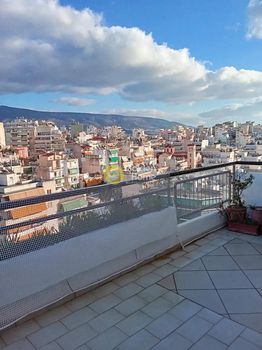 Διαμέρισμα 93τ.μ. για πώληση-Πολύγωνο - τουρκοβούνια » Πολύγωνο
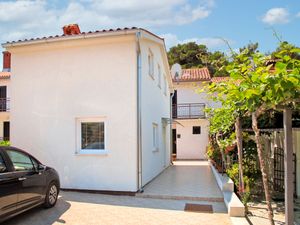 Ferienhaus für 5 Personen (55 m²) in Poreč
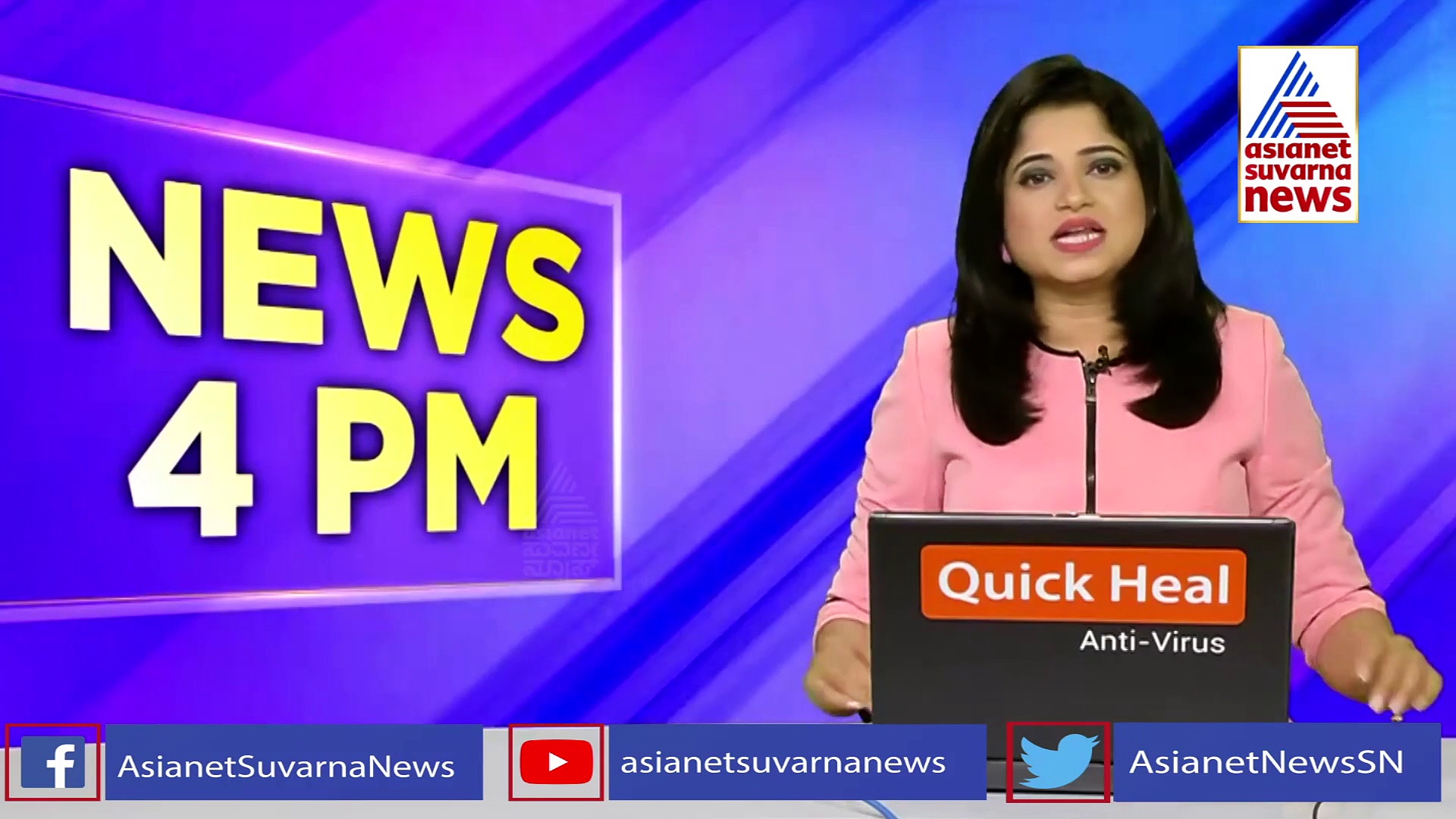 ಸುಳ್ಳು ಹೇಳಿದ್ರಾ ಸಂದೇಶ್.. ಹಲ್ಲೆಗೊಳಗಾದ ವ್ಯಕ್ತಿ ಬಿಹಾರದವರಲ್ಲ!?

TASK TO CARRY OUT:
Only the text of the listing above should be copied, exactly and with pictures left out.

RESPONSE:
 Διαμέρισμα 93τ.μ. για πώληση-Πολύγωνο - τουρκοβούνια » Πολύγωνο
 Ferienhaus für 5 Personen (55 m²) in Poreč
 ಸುಳ್ಳು ಹೇಳಿದ್ರಾ ಸಂದೇಶ್.. ಹಲ್ಲೆಗೊಳಗಾದ ವ್ಯಕ್ತಿ ಬಿಹಾರದವರಲ್ಲ!?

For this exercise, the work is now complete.